Even worse, automated hiring turns all of those unqualified 1-click chancers into potential critics. An unsatisfactory response, whether it’s a terse and cursory automated email or their application ending up in the notorious ATS black hole, casts a long shadow over your employer brand.

In other words, you’ve ended up making naysayers of people who should never have been anywhere near your employer brand in the first place. On the bright side, at least you’ve inflated your ATS with the details of a few more irrelevant applicants you’ll never so much as glance at again.

Sarcasm aside, we have genuine concerns about the payoff between process efficiency and reputation management of automated hiring systems like 1-click application. Likewise automated ATS email responses and artificial intelligence in online video interviewing.

Recruitment is an innately human business, probably more so than any other. A candidate’s suitability for a role is ultimately determined by a nuanced set of intangibles: ambition, worldview, accomplishments, confidence, rapport, cultural fit and so on.

Humans simply do not miss these critical factors in the way that automated processes (what Liz Ryan dubbed “inhuman systems of recruitment” in her epic Forbes takedown of recruiting technology) all too easily can. Meanwhile your goodwill as an employer is being eroded every time a candidate rubs up against the blank void in the automated process where human interaction would otherwise be.

This is a long way from saying that technology plays no role in enhancing recruitment.

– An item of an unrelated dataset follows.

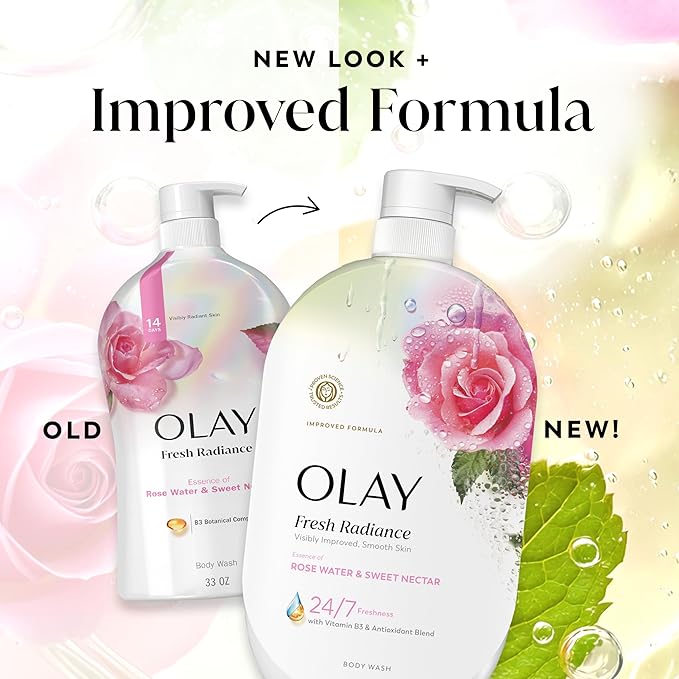 Olay Body Wash for Women, Fresh Radiance, 24/7 Skin-Loving Freshness, Visibly Radiant, Plant Based Cleansers, Vitamin B3 & Antioxidant Blend, All Skin Types, Rose Water & Sweet Nectar Scent, 35 fl oz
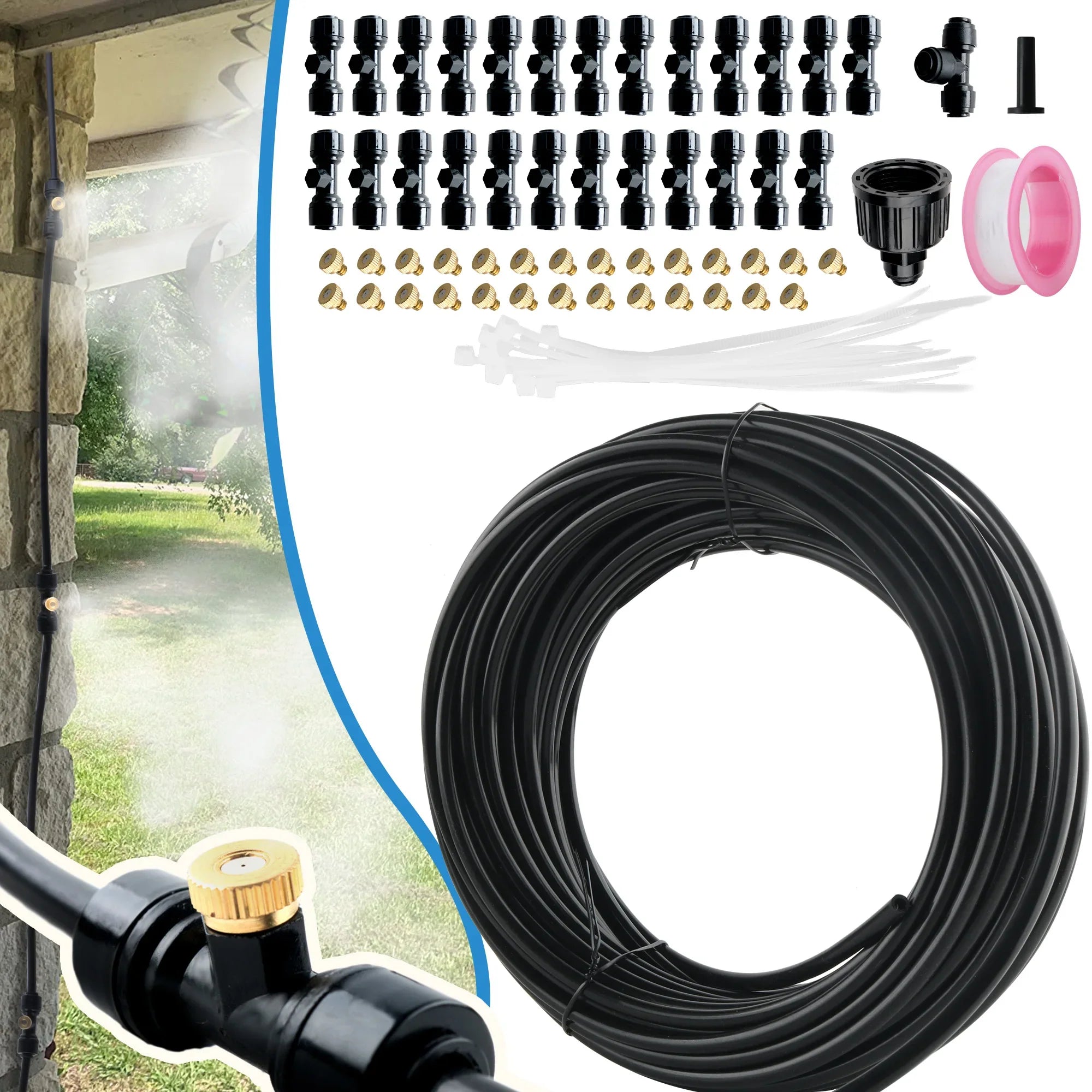Metal Misting Cooling System – Outdoor Garden & Patio Mist Kit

It’s simply to caution that every automated step added to a hiring process diminishes its humanity and increases its fallibility.

Most jobs are worth more than a single click.

Those in the know, share. If you think your network would find inspiration in this post, we’ve made it really easy for you to tell them using the LinkedIn Share button below. (And yes, we fully appreciate the irony in the context of this post.)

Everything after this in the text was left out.